__Dataset records__
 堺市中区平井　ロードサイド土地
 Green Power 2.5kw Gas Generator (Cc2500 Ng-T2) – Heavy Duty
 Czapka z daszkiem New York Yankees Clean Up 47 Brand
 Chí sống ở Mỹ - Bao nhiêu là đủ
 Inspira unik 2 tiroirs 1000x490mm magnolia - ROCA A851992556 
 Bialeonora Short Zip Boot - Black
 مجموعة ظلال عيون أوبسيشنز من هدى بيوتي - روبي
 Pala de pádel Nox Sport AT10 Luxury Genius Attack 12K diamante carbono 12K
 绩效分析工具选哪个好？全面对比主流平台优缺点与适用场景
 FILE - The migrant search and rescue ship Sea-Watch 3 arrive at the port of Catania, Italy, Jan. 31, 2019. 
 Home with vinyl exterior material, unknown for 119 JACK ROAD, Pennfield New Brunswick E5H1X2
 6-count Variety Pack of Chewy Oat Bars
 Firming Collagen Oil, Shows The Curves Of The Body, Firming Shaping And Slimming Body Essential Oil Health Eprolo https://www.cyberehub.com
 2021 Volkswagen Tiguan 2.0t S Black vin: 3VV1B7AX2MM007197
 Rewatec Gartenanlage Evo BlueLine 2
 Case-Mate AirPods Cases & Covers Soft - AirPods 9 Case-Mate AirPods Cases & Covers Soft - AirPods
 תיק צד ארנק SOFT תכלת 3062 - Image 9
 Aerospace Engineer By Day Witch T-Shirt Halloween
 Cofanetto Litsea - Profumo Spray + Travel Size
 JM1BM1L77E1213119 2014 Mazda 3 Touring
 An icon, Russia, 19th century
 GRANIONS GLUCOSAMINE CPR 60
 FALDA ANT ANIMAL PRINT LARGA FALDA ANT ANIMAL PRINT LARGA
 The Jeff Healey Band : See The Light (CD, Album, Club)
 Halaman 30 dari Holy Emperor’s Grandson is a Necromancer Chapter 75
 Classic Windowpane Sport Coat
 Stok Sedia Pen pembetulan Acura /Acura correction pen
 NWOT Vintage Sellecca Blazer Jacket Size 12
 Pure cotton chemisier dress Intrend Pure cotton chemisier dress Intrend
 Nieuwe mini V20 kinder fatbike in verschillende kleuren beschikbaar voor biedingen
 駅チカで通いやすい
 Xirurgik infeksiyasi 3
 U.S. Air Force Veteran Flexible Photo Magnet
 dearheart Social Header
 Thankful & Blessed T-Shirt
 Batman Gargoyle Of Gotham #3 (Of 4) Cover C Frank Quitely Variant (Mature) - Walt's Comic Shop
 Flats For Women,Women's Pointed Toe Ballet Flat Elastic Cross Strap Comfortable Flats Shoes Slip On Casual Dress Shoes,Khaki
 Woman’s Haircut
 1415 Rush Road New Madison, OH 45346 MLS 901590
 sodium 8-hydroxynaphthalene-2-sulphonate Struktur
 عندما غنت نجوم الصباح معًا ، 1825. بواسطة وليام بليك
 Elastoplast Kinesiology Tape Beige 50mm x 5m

__Instructions to follow__
Each line containing "Black" belongs in the answer; pick these out of the material and copy them.

__Completed task__
 Bialeonora Short Zip Boot - Black
 2021 Volkswagen Tiguan 2.0t S Black vin: 3VV1B7AX2MM007197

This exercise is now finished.